Nicholson Baker has a new book coming out and it is not about sex.  It’s nonfiction, a great big dose of the kind of nonfiction that he writes in The New Yorker: funny, profoundly observant, and compulsively entertaining.  Substitute is Nicholson Baker’s immersion into the rigors of k-12 education, where he chronicles  the actual work of being a substitute teacher.  The only way to really understand teaching, Baker thought, is to actually do it, to live it. So he became a substitute, “the lowest-ranking participant in American education,” and landed in classrooms from grades K-12, teaching honors students and special ed students all of the usual required subjects to the more arcane electives, such as metal work.  What’s a substitute teacher to do when he or she doesn’t know the material? What’s a substitute teacher to do when confronted with 30 creative and active adolescents and children whose agendas for the day might differ from the absent teacher? What happens is that Baker takes us into the hearts and minds of hundreds of school kids, as well as teachers and administrators.  Nicholson Baker gives us a blow-by-blow of his days in school, which are at times hilarious, at times harrowing, and pretty much always utterly exhausting. Baker’s fellow teachers are often noble, as are the students, and what becomes clear is that “Mr. Baker” took advantage of great opportunity to truly teach, to understand his charges, and that sometimes his students took advantage of their great opportunity to learn from a master. Nicholson Baker is a regular contributor to The New Yorker, and winner of the National Book Critics Circle Award and the Katherine Anne Porter Award from the American Academy of Arts and Letters.  Can you imagine how great it would be to have him as a substitute?

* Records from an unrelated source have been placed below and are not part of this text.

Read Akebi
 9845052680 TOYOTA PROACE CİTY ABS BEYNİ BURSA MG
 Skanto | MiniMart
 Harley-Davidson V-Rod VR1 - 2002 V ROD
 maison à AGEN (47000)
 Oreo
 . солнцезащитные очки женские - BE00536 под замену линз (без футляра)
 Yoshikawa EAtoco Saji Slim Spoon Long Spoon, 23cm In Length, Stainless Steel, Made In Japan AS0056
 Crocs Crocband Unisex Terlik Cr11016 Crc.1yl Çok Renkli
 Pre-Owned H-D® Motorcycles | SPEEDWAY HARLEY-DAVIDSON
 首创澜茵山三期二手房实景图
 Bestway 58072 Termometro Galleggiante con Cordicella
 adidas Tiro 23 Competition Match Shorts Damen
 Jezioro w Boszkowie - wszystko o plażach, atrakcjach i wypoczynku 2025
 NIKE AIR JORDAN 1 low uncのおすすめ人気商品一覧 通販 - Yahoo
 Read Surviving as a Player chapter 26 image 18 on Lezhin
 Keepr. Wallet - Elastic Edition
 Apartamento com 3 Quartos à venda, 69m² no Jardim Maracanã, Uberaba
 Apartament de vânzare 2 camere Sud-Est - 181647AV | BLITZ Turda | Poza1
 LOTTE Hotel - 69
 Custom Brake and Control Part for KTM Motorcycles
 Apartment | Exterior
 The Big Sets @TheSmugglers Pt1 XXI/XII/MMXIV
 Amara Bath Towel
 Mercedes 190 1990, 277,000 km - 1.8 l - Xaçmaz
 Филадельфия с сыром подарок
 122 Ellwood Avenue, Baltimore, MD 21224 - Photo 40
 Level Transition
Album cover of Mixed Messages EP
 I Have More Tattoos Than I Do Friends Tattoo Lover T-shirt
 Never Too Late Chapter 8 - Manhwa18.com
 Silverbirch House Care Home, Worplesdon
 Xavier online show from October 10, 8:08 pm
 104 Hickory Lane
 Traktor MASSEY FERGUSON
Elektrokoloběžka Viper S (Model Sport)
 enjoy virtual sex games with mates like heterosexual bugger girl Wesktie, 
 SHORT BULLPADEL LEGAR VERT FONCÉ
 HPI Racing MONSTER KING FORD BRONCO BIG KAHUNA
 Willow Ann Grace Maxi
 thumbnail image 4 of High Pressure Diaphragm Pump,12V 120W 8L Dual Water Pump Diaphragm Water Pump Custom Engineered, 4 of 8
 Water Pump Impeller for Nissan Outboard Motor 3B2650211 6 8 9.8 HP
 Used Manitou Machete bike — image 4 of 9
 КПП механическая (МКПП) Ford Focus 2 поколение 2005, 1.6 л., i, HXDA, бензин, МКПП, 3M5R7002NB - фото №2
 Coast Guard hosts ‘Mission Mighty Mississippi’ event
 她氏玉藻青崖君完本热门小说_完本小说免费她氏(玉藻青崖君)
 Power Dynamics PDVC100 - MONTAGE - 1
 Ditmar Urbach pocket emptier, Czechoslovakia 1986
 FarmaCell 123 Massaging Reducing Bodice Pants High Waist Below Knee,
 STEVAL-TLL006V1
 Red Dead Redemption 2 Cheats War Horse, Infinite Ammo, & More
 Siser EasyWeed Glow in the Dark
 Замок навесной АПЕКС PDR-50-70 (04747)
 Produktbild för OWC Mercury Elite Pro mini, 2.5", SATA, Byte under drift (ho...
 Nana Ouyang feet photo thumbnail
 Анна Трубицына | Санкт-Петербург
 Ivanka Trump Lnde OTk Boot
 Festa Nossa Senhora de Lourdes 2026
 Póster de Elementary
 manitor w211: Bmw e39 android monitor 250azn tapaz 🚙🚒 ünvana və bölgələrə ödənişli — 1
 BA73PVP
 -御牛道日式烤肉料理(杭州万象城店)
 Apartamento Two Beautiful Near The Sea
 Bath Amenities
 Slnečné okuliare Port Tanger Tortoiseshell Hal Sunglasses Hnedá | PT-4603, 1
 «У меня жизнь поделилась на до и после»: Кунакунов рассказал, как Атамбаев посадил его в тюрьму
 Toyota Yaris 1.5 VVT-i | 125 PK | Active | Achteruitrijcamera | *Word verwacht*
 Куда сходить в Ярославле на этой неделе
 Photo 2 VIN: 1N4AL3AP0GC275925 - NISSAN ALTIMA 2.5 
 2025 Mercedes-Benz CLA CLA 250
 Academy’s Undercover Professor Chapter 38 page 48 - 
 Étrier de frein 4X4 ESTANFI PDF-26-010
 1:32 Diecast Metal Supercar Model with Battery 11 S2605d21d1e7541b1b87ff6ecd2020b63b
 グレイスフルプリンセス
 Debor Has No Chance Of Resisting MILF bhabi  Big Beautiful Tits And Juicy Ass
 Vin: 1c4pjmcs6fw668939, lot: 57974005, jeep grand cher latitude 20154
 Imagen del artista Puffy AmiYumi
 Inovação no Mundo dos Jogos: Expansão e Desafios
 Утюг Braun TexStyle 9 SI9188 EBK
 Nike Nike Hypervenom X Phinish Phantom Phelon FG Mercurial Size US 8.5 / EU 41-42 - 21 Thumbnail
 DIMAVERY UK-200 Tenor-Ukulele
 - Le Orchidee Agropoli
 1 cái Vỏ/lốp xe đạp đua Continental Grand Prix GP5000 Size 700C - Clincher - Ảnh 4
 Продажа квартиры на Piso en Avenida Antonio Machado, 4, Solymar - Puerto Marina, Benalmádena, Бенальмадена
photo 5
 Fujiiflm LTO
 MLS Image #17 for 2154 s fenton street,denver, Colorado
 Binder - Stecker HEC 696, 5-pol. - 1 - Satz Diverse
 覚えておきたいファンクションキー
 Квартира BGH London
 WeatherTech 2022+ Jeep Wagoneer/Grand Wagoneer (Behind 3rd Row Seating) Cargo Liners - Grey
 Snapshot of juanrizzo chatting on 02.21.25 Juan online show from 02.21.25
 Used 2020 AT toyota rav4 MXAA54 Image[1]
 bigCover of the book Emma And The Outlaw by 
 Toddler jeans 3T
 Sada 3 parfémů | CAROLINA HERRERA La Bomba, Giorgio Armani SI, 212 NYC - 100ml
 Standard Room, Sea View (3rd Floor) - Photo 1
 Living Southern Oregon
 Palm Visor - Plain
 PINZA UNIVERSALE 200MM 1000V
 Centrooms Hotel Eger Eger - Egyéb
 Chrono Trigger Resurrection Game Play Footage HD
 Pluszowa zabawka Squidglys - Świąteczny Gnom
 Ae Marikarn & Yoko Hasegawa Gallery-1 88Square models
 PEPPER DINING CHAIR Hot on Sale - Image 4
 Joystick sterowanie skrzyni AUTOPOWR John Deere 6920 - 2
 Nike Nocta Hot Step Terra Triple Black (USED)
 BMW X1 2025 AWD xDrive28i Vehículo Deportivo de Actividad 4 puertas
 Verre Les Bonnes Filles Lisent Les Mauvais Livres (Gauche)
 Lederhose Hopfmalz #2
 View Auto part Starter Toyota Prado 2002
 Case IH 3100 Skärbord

It’s nothing new, no secret, that education can create, enhance and even define one’s opportunities.  Jeff Hobbs, author of the prize-winning and magnificently reviewed bestseller, The Short and Tragic Life of Robert Peace, explores the almost Shakespearean story of Robert Peace, a young man who grew up near Newark.  Robert Peace was a brilliant guy whose steely dedication and intellectual power got him out of the urban grit of Orange, New Jersey and into the Ivy halls of Yale. But Peace could never fully get rid of the street: following his graduation from Yale, Robert Peace returned to his old high school to teach, only to descend into drugs. He was murdered when he was 30 years old.

Nicholson Baker and Jeff Hobbs will discuss Baker’s surprising and illuminating experience as a substitute teacher, and the impact that a thoughtful, engaged teacher does– and does not– have on students.